§ Records from a collection
- - - - -
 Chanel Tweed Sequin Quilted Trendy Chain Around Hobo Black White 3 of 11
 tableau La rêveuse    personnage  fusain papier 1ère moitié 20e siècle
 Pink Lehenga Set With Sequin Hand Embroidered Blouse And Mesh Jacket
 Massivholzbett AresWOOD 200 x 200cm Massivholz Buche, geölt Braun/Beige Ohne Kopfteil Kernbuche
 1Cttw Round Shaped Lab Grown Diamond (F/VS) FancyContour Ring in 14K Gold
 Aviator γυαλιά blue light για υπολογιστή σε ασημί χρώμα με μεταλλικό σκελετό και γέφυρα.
- - - - -
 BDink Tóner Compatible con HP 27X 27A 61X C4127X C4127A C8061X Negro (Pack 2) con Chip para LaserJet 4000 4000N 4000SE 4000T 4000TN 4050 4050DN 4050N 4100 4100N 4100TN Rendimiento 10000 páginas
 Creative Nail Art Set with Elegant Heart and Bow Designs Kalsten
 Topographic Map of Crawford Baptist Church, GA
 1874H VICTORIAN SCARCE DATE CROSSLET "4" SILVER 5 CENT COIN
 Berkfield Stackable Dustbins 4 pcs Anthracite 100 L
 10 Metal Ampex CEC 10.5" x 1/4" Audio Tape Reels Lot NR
- - - - -
§ PROBLEM TO WORK ON
Show the lines of the records above that mention "Sequin".

§ EXERCISE OUTPUT
 Chanel Tweed Sequin Quilted Trendy Chain Around Hobo Black White 3 of 11
 Pink Lehenga Set With Sequin Hand Embroidered Blouse And Mesh Jacket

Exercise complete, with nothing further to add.